The text and data regions are overlapped, so you can easily write
self-modifying code (early versions actually required self-modification to
be able to return from subroutine calls, just like Knuth’s MIX, but I’ve
since taken liberty to add such modern convenience into the core instruction
set).
There are no registers. This is a stack machine, after all.
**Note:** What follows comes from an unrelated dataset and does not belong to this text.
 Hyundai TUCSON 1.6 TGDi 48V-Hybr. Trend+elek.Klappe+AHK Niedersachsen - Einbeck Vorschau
As we know from theoretical computer science, a pushdown automaton needs
two stacks to be Turing equivalent. Therefore we employ two as well; one
for the instruction pointer and one for the data. They live separately from
the text and data region, and are only limited by the host process heap
size.
The machine contains no special facilities besides this: It’s inherently
single-threaded and has no protection mechanisms. Its operation is
completely sandboxed, though, except for access to standard output.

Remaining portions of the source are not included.